Himei (331) has posed:
    Himei threads her fingers together, taking a break from uh... dinosaur. "Aheh... thanks. I appreciate the effort you've put into this." Despite her chuckle, it does seem pretty sincere. "Try to be a little less uptight. I'll be in touch." She pauses. "Disruptions or not, I /did/ enjoy myself."
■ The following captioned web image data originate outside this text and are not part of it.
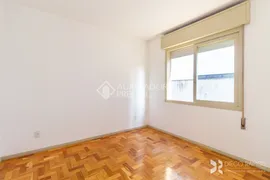 Apartamento com 2 Quartos à venda, 62m² no Teresópolis, Porto Alegre - Foto 5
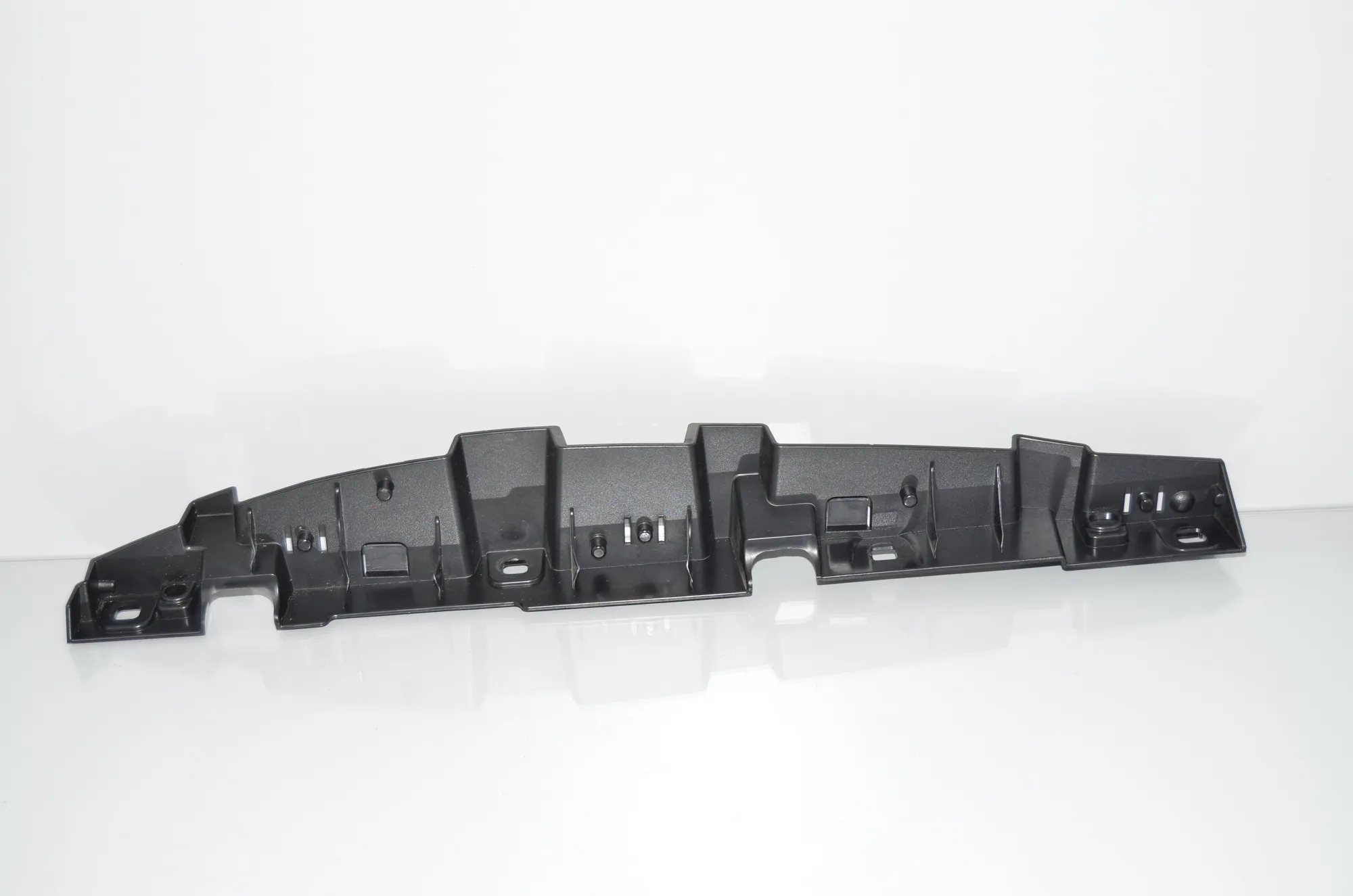 Other Body Parts – OEM 7299184 · BMW i3 (I01) Electric 2021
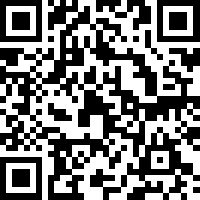 profile-qr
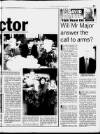 Liverpool Daily Post Thursday 16 January 1997 Page 27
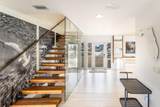 620 Magnolia Drive - Photo 29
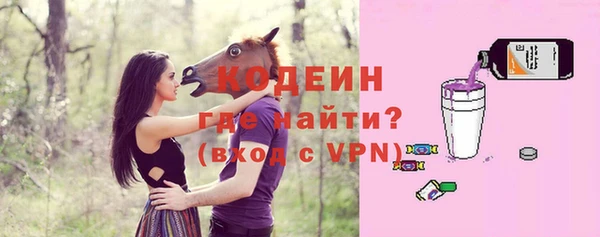 Альфа ПВП Горнозаводск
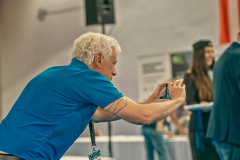 tt-1-von-1-12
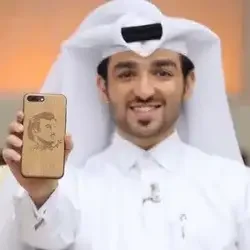 سلمان يوسف 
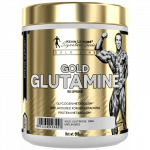 KEVIN LEVRONE Levrone GOLD Glutamiin 300 g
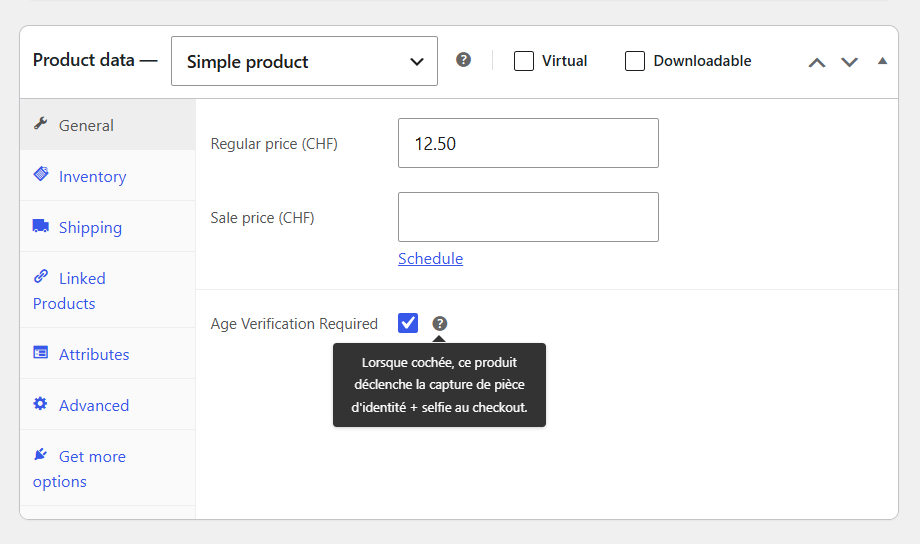 product-age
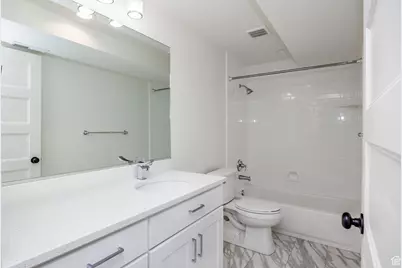 84 N 820 E, Hyde Park, UT 84318 - Photo 42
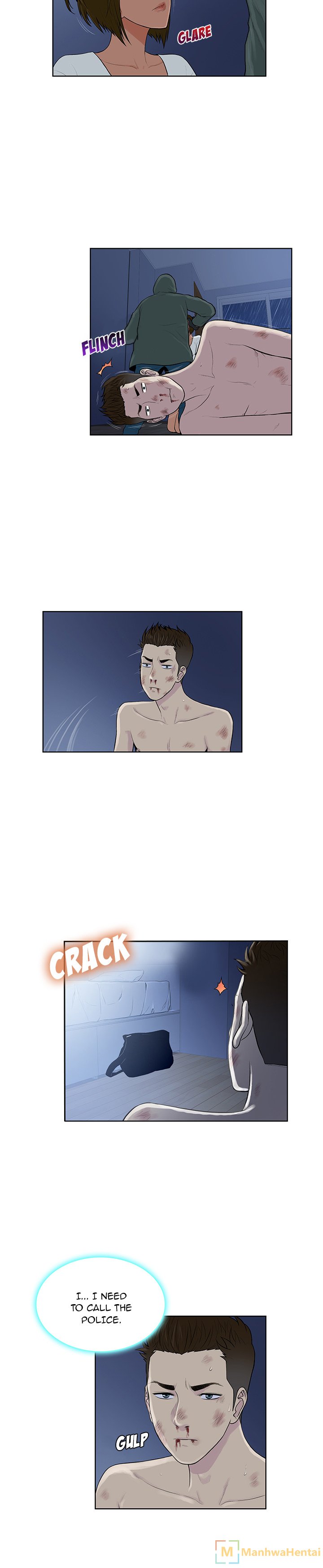Page 11 of Chapter 28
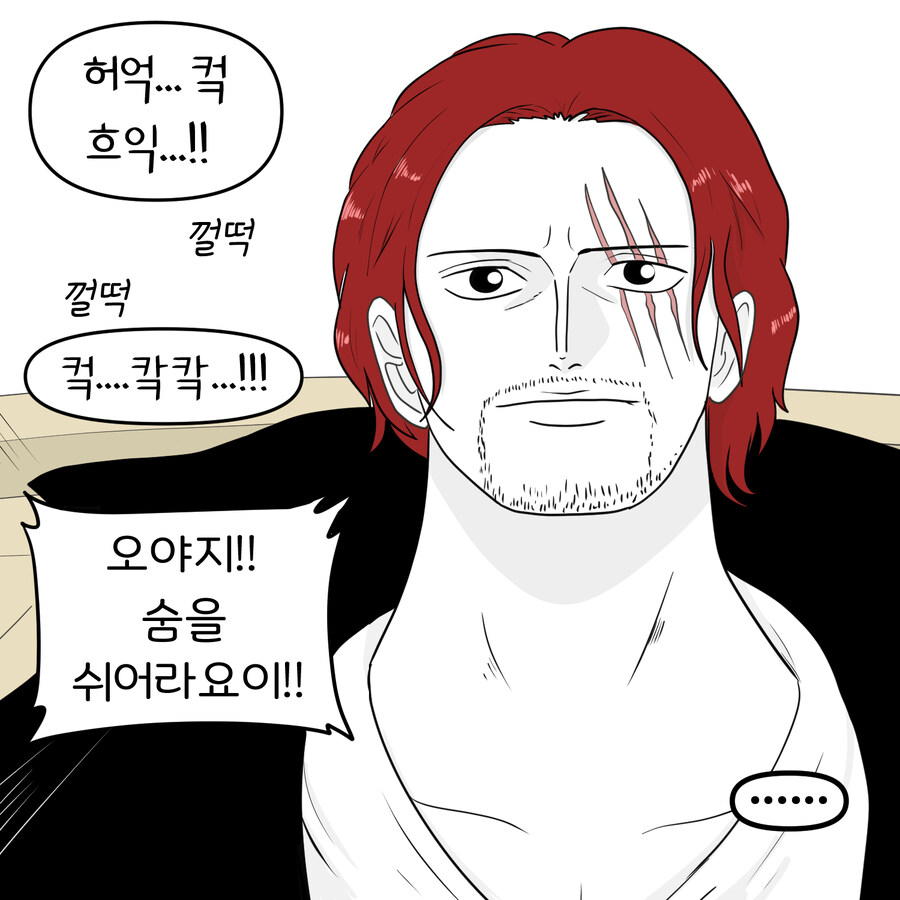 샹크스의 왼팔 만화_9.jpg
    Which leaves her with the blind girl and a bunch of homeless people. Also Finna, but she might fall into the latter group. "Well, can't say that was boring. Himei Shoutan, nice to meet you and all that."

Sanary Rondel has posed:
    "Huh. That's... Really useful, actually. Thanks." The blind girl gives Vegeta a light nod as he leaves, turning back to stare at the tiny raptor in her arms. Not that she can really see it, anyway, but still.

    "Definitely not boring. Nothing like the dates... Uh. Date I've been on, but still fun." She turns to Himei and gives her the same brief nod. "Sanary. Good meeting you all, too." She pauses for a moment, then starts glancing around just a little more quickly to try and indicate her question being aimed more broadly. "So is this normal for dates or not really?"

Himei (331) has posed:
    Himei shakes her head, "This is not normal. It's quieter and one on one. Also, normally the demonic thing and insect-thing don't heckle during the date. At least he tried to be civil, and managed to refrain from killing anyone."

Sanary Rondel has posed:
Sanary Rondel strokes her chin lightly and nods, letting go of the tiny raptor momentarily to slip her coat back on. "Thought so. Mm... Yeah, that definitely didn't seem normal." She had half a mind to ask about the 'insect-thing', but asking questions would probably just raise even more. Plus, the attempts at civility were still something to consider. "That's always good, right? Dates where everyone... Survives."

    Scooping the raptor up into her arms hesitantly, the blind girl bows her head quickly to those still gathered at the table. "Anyway. It was good meeting you all. I'm gonna... Go. Maybe figure out what to feed this thing."